INFORMATION SHOWN: Begin

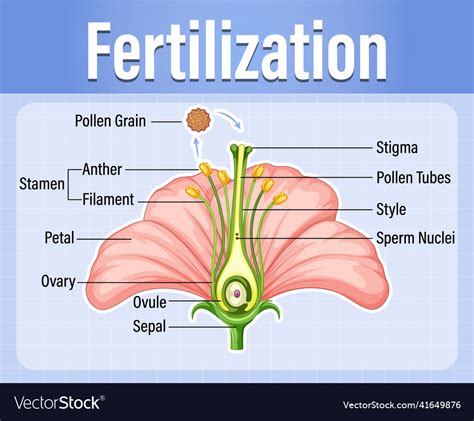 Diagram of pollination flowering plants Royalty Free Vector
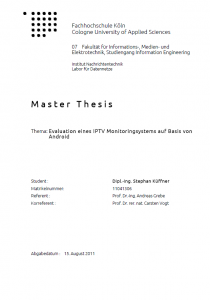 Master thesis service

INFORMATION SHOWN: End
INFORMATION SHOWN: Begin

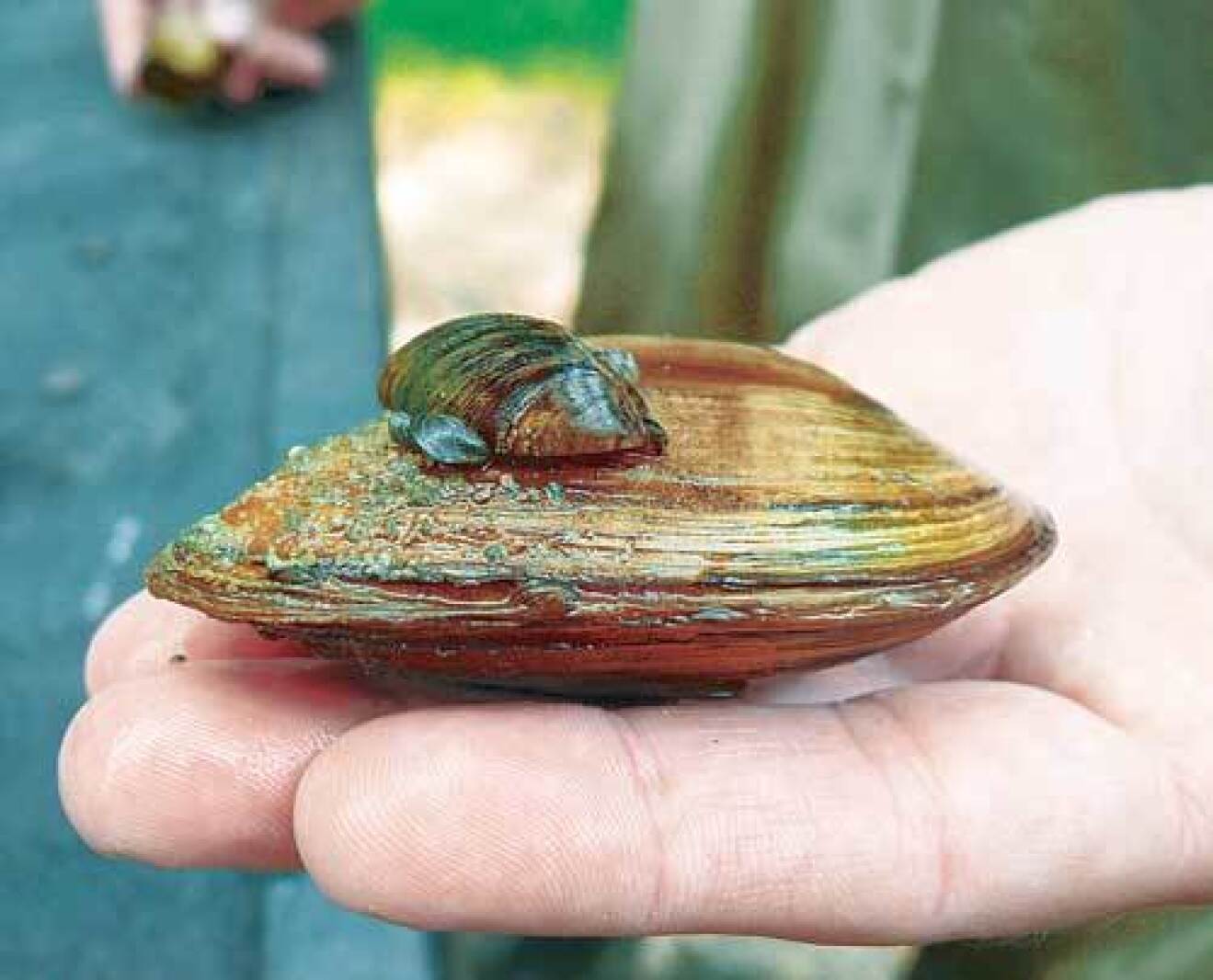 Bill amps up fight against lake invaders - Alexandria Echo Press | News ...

INFORMATION SHOWN: End

> HOW TO COMPLETE THIS TASK: Write down exactly what the lines above say, from the line holding "Royalty Free Vector" through the line holding "Master thesis service", and nothing more. Do not copy the pictures.

> EXPECTED OUTPUT:
 Diagram of pollination flowering plants Royalty Free Vector
 Master thesis service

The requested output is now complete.